Using the classical algorithm : Trimmed $k$-means (Cuesta-Albertos et al., 1997)

Firstly, we use our algorithm trimmed_bregman_clustering with the squared Euclidean distance euclidean.

tb_kmeans = trimmed_bregman_clustering(rng, x, k, alpha, euclidean, maxiter, nstart)
tb_kmeans.centers

1×3 Matrix{Float64}:
 10.5288  40.3363  22.403

This method corresponds to the Trimmed $k$-means of (Cuesta-Albertos et al., 1997).

We see three clusters with the same diameter. In particular, the group centered at $10$ also contains points of the group centered at $20$. Therefore, the estimators tB_kmeans.centers of the three means are not that satisfying. These estimated means are larger than the true means $10$, $20$ and $40$.

plot(tb_kmeans)

Bregman divergence selection for the Poisson distribution

When using the Bregman divergence associated to the Poisson distribution, the clusters have various diameters. These diameters are well suited for the data. Moreover, the estimators tB_Poisson$centers of the means are better.

tb_poisson = trimmed_bregman_clustering(rng, x, k, alpha, poisson, maxiter, nstart)
tb_poisson.centers

1×3 Matrix{Float64}:
 10.3557  21.293  40.462

plot(tb_poisson)

Performance comparison

We measure the performance of the two clustering methods (with the squared Euclidean distance and with the Bregman divergence associated to the Poisson distribution), using the normalised mutual information (NMI).
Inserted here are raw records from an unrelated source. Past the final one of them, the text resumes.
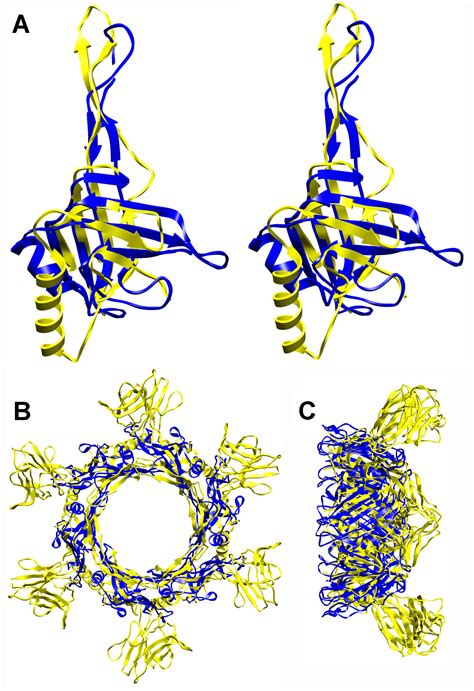 Crystal Structure Of Bacteriophage SPP1 Distal Tail Protein Gp19 1 A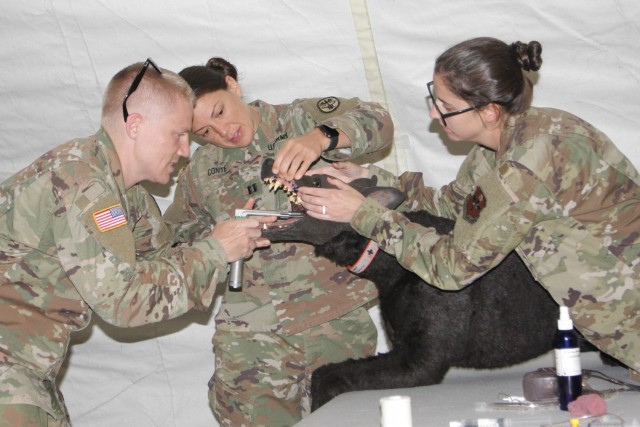 Physicians completing their Emergency Medicine internship at BAMC experience the challenge of examining a Military Working Dog that may have been injured along with its human handler. "Diesel Dog" is a remotely controlled training manikin that was at the exercise to give the physicians some experience with K-9 patients, not their normal clientel, but also possibly wounded and no veterinarian available in remote areas. The BAMC Emergency Medicine Exercise gives the physicians an awareness of practicing medicine in remote areas of the world. (U.S. Army photo by John T. Franklin, III)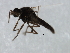  ( - 09BBEDI-2141)  @12 [ ] CreativeCommons - Attribution (2010) Unspecified Centre for Biodiversity Genomics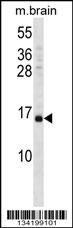 VAMP3 Antibody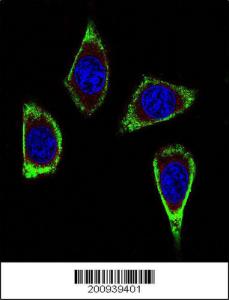 Anti-RET Mouse Monoclonal Antibody [clone: 188CT11.2.3]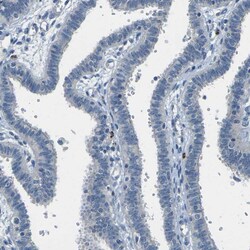 Invitrogen&trade;&nbsp;CYP2C8 Polyclonal Antibody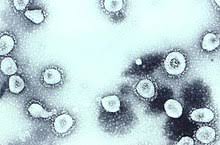Coronavirus - Wikipedia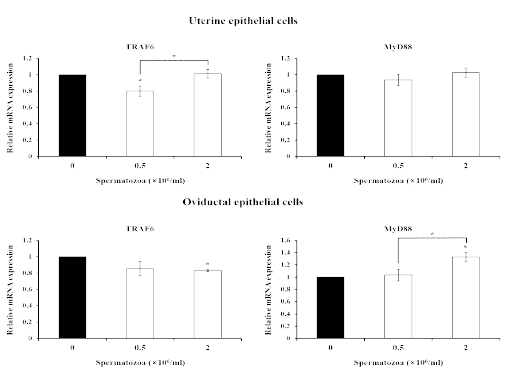 Changes of toll-liike receptor signaling related genes by boar spermatozoa in porcine uterine and oviductal epithelial cells (p<0.05)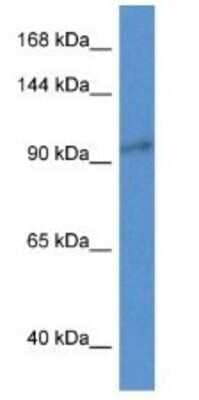 Western Blot: ZC3H3 Antibody [NBP1-74066]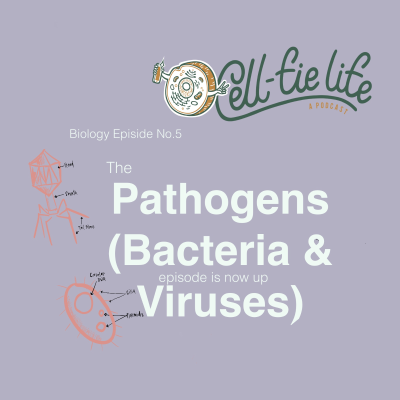 episode Bacteria artwork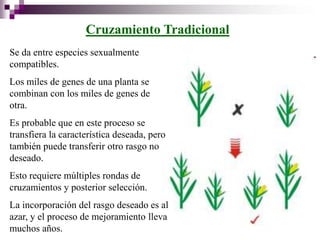 Cruzamiento Tradicional
Se da entre especies sexualmente
compatibles.
Los miles de genes de una planta se
combinan con los miles de genes de
otra.
Es probable que en este proceso se
transfiera la característica deseada, pero
también puede transferir otro rasgo no
deseado.
Esto requiere múltiples rondas de
cruzamientos y posterior selección.
La incorporación del rasgo deseado es al
azar, y el proceso de mejoramiento lleva
muchos años.
 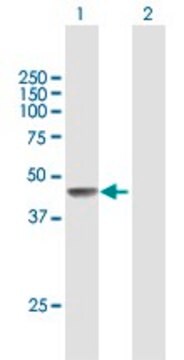 Anti-FIGF antibody produced in mouse purified immunoglobulin, buffered aqueous solution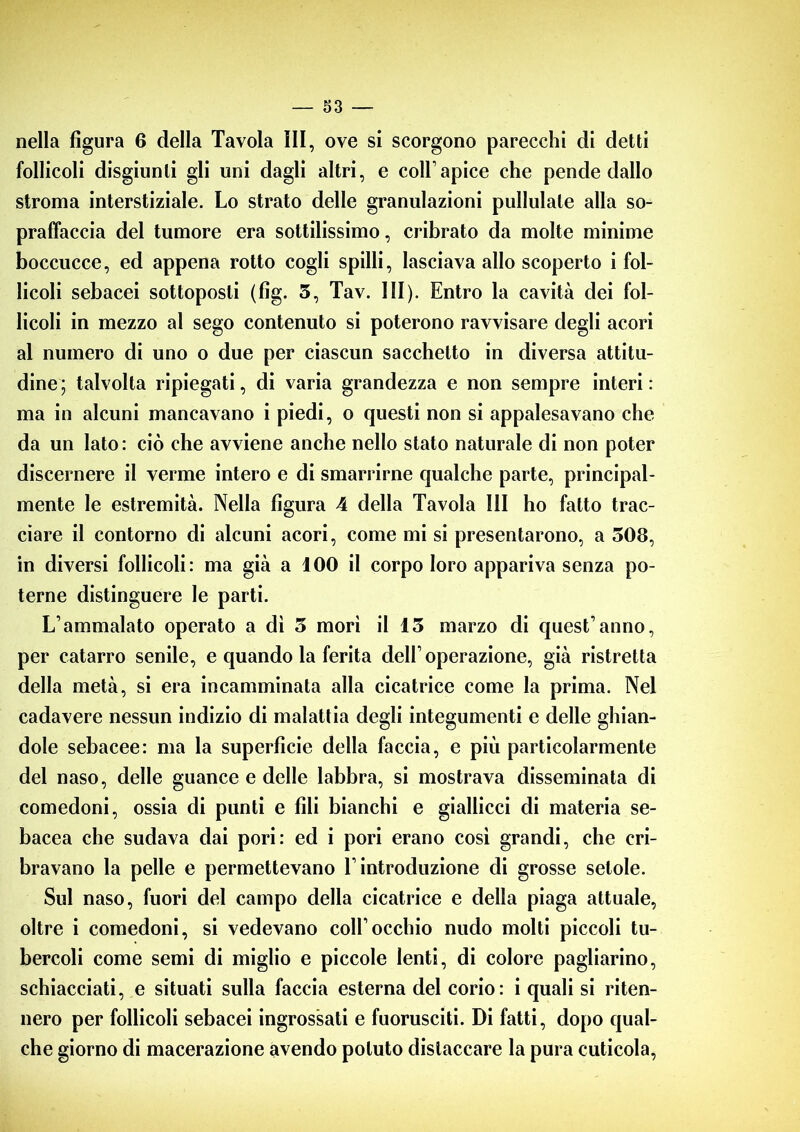 nella figura 6 della Tavola III, ove si scorgono parecchi di detti follicoli disgiunti gli uni dagli altri, e coll1 apice che pende dallo stroma interstiziale. Lo strato delle granulazioni pullulale alla so- praffaccia del tumore era sottilissimo, cribrato da molte minime boccucce, ed appena rotto cogli spilli, lasciava allo scoperto i fol- licoli sebacei sottoposti (fig. 3, Tav. III). Entro la cavità dei fol- licoli in mezzo al sego contenuto si poterono ravvisare degli acori al numero di uno o due per ciascun sacchetto in diversa attitu- dine ; talvolta ripiegati, di varia grandezza e non sempre interi : ma in alcuni mancavano i piedi, o questi non si appalesavano che da un lato: ciò che avviene anche nello stato naturale di non poter discernere il verme intero e di smarrirne qualche parte, principal- mente le estremità. Nella figura 4 della Tavola 111 ho fatto trac- ciare il contorno di alcuni acori, come mi si presentarono, a 508, in diversi follicoli: ma già a 100 il corpo loro appariva senza po- terne distinguere le parti. L’ammalato operato a di 5 morì il 13 marzo di quest’anno, per catarro senile, e quando la ferita dell1 operazione, già ristretta della metà, si era incamminata alla cicatrice come la prima. Nel cadavere nessun indizio di malattia degli integumenti e delle ghian- dole sebacee: ma la superficie della faccia, e più particolarmente del naso, delle guance e delle labbra, si mostrava disseminata di comedoni, ossia di punti e fili bianchi e giallicci di materia se- bacea che sudava dai pori: ed i pori erano così grandi, che cri- bravano la pelle e permettevano l1 introduzione di grosse setole. Sul naso, fuori del campo della cicatrice e della piaga attuale, oltre i comedoni, si vedevano coll’occhio nudo molti piccoli tu- bercoli come semi di miglio e piccole lenti, di colore pagliarino, schiacciati, e situati sulla faccia esterna del corio: i quali si riten- nero per follicoli sebacei ingrossati e fuorusciti. Di fatti, dopo qual- che giorno di macerazione avendo potuto distaccare la pura cuticola,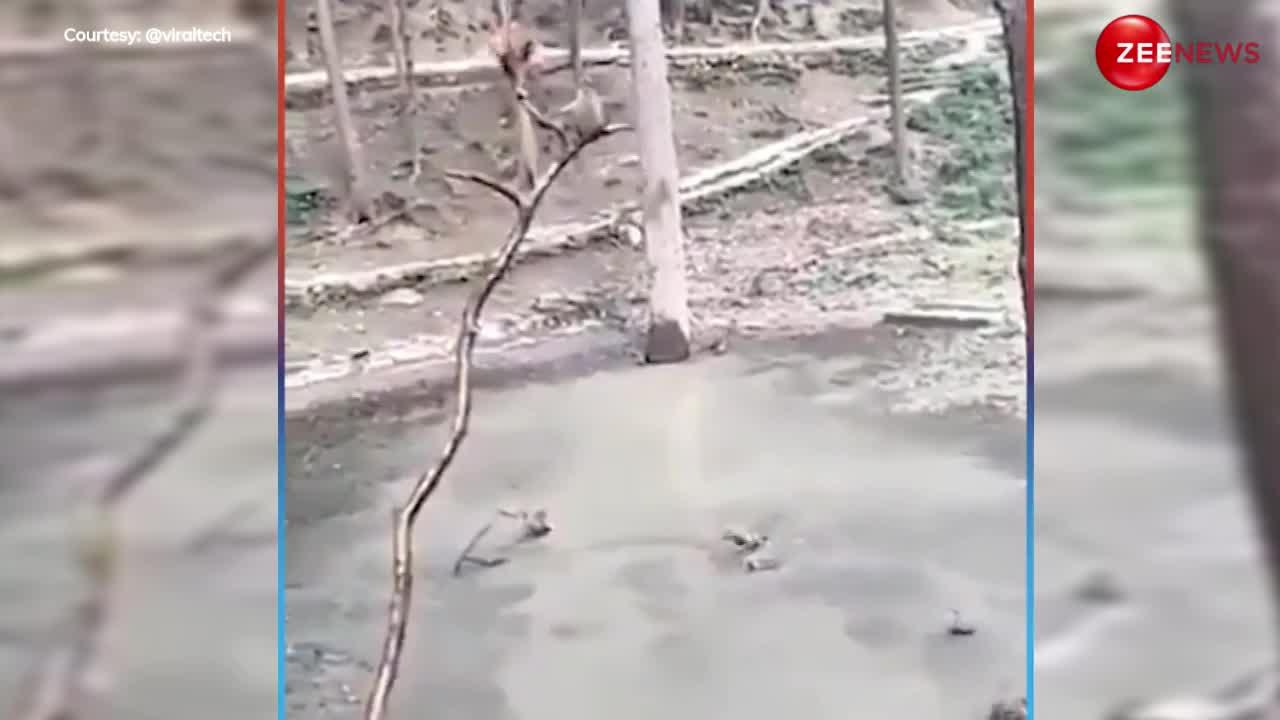 Viral: जंगल में बंदर को मिला पानी का तालाब, तो पेड़ पर चढ़कर लगाने लगें एक के एक बाद छंलाग....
For the Trimmed k-means (that is, with the squared Euclidean distance):

import Clustering: mutualinfo

println(mutualinfo(labels_true,tb_kmeans.cluster, normed = true))

0.6583334412448854

For the trimmed clustering method with the Bregman divergence associated to the Poisson distribution :

println(mutualinfo(labels_true,tb_poisson.cluster, normed = true))

0.6727580344095667

The normalised mutual information is larger for the Bregman divergence associated to the Poisson distribution. This illustrates the fact that, for this example, using the correct divergence improves the clustering : the performance is better than for a classical trimmed k-means.

Performance measurement

In order to ensure that the method with the correct Bregman divergence outperforms Trimmed k-means, we replicate the experiment replications times.

In particular, we replicate the algorithm trimmed_bregman_clustering, replications times, on samples of size $n = 1000$, on data generated according to the aforementionned procedure.
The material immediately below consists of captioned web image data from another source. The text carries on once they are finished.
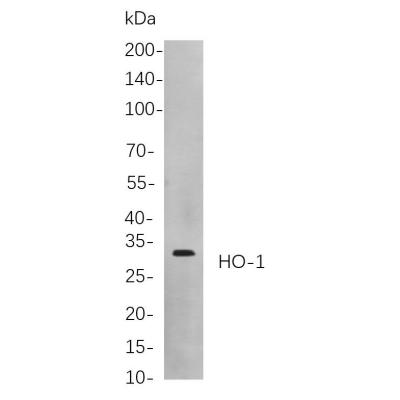 Western blot analysis of lysates from Rat spleen cells, using HO-1 Rabbit mAb. The HRP-conjugated Goat anti-Rabbit IgG antibody (WS0002,) was used to detect the antibody.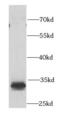 Prostaglandin E Synthase 2 antibody, FNab06917, FineTest, Western Blot image 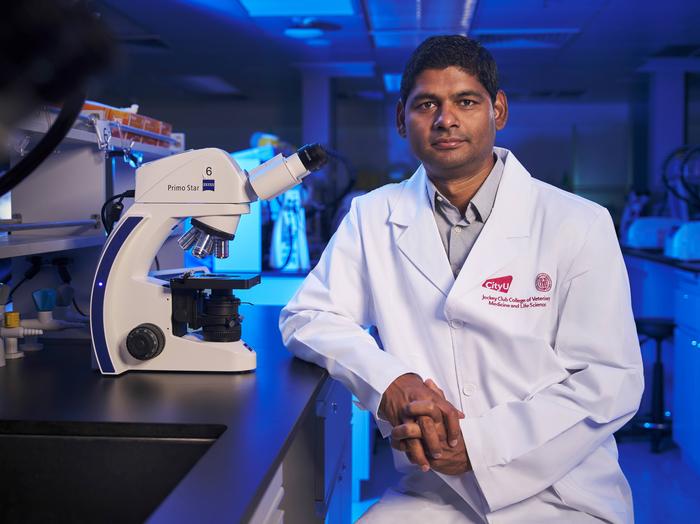 CityUHK researcher maps the kidney’s “longevity protein”, revealing segment specific roles of Klotho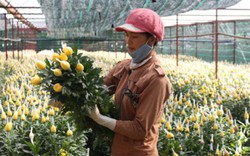 Thạc sĩ sinh học hiến kế  cứu vườn hoa cúc khỏi bệnh virus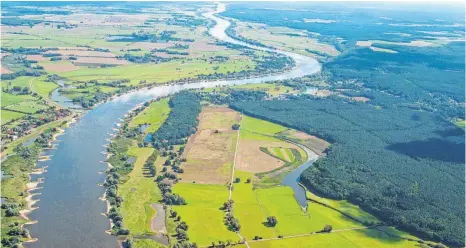  ?? FOTO: DPA ?? Ein Naturparad­ies: die Elbe, aufgenomme­n am 27. August 2014 bei Bleckede (Niedersach­sen).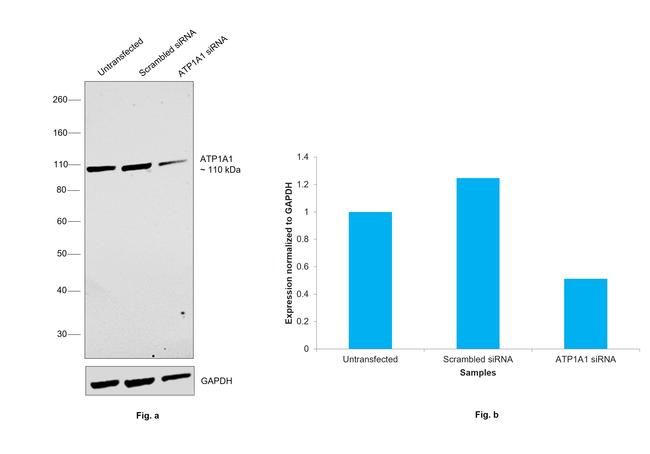 ATP1A1 Antibody in Western Blot (WB)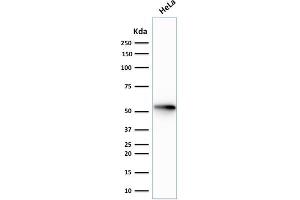 Image no. 1 for anti-Keratin 7 (KRT7) antibody (ABIN6939869)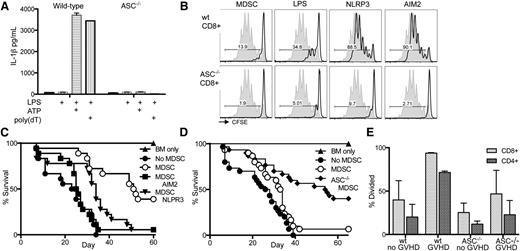 Figure 3. In vitro inflammasome induction in MDSCs leads to loss of suppressor function. Inflammasome induction in freshly cultured wild-type and ASC−/− MDSC-IL13 was carried out by adding 0.2 µg/mL LPS for 3 hours, followed by addition of 2 mM ATP or 0.8 µg/mL poly(dT) transfection. (A) Culture supernatants were harvested after an additional 1 hour and assayed for IL-1β production by ELISA. Data are representative of 3 independent experiments. (B) Inflammasome-induced MDSC-IL13 were washed extensively and plated in a CFSE suppression assay at a 1:1 ratio; data are representative of gated CFSE-labeled CD8+ responder T cells (n = 6 samples/group from 2 independent experiments). NLRP3 indicates LPS + ATP treatment, and AIM2 indicates LPS + poly(dT) treatment; gray histogram represents the no-MDSC proliferation control. Gated CD4+ responder T cells shown in supplemental Figure 5. (C) Kaplan-Meier survival curve of the C57Bl/6 → BALB/c GVHD model using inflammasome-induced MDSC-IL13, treated as above. MDSC v no MDSC P < .0001, MDSC vs MDSC AIM2 P < .0001, MDSC v MDSC NLRP3 P = .0029. Data represent n = 18 animals per group, combined from 2 independent experiments. (D) Kaplan-Meier survival curve of GVHD using MDSC-IL13 generated from either wild-type or ASC−/− mice as indicated. Data represent n = 30 animals per group in 3 independent experiments. MDSC vs no MDSC P = .0399, MDSC vs ASC−/− MDSC P = .0006. (E) Histograms represent % divided CFSE-labeled responding T-cells when plated against recovered wild-type or ASC−/− MDSC-IL13 from day 5 posttransplant at a ratio of 1:1 and collected on day 3. Significant P values (< .05) were found when comparing any single group to wild-type MDSC-IL13 recovered from GVHD mice. Data are representative of 2 independent experiments. wt, wild-type.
The function performance does it.

sample_generator = (rng, n) -> sample_poisson(rng, n, d, lambdas, proba)
outliers_generator = (rng, n) -> sample_outliers(rng, n, d; scale = 120)

#3 (generic function with 1 method)

Default values: maxiter = 100, nstart = 10, replications = 100

n = 1200
n_outliers = 200
k = 3
alpha = 0.1
nmi_kmeans, _, _ = performance(n, n_outliers, k, alpha, sample_generator, outliers_generator, euclidean)
nmi_poisson, _, _ = performance(n, n_outliers, k, alpha, sample_generator, outliers_generator, poisson)

([0.6326594859643949, 0.6609633259692399, 0.6277658044251755, 0.601549253414467, 0.6301265913349829, 0.6247713726678534, 0.6363080176211747, 0.6210039653219832, 0.6388123722217834, 0.6098973672297212  …  0.6103570779919779, 0.6627844633178344, 0.6054675406254952, 0.6669910461220148, 0.6123868987942505, 0.6051719154427031, 0.6659029527639516, 0.6434444312571013, 0.5930141664970753, 0.5911134609965437], 0.631862175781972, 0.0037965085789294323)

The boxplots show the NMI on the two different methods. The method using the Bregman divergence associated to the Poisson distribution outperfoms the Trimmed k-means method.

using StatsPlots

boxplot( ones(100), nmi_kmeans, label = "kmeans" )
boxplot!( fill(2, 100), nmi_poisson, label = "poisson" )

Selection of the parameters $k$ and $\alpha$

We still use the dataset x.

vect_k = collect(1:5)
vect_alpha = sort([((0:2)./50)...,((1:4)./5)...])

params_risks = select_parameters_nonincreasing(rng, vect_k, vect_alpha, x, poisson, maxiter, nstart)

plot(; title = "select parameters")
for (i,k) in enumerate(vect_k)
   plot!( vect_alpha, params_risks[i, :], label ="k=$k", markershape = :circle )
end
xlabel!("alpha")
ylabel!("NMI")

According to the graph, the risk decreases from 1 to 2 clusters, and as well from 2 to 3 clusters. However, there is no gain in terms of risk from 3 to 4 clusters or from 4 to 5 clusters. Indeed, the curves with parameters $k = 3$, $k = 4$ and $k = 5$ are very close. So we will cluster the data into $k = 3$ clusters.

The curve with parameter $k = 3$ strongly decreases, with a slope that is stable around $\alpha = 0.04$.

For more details about the selection of the parameter $\alpha$, we may focus on the curve $k = 3$. We may increase the nstart parameter and focus on small values of $\alpha$.

vect_k = [3]
vec_alpha = collect(0:15) ./ 200
params_risks = select_parameters_nonincreasing(rng, [3], vec_alpha, x, poisson, maxiter, 5)

plot(vec_alpha, params_risks[1, :], markershape = :circle)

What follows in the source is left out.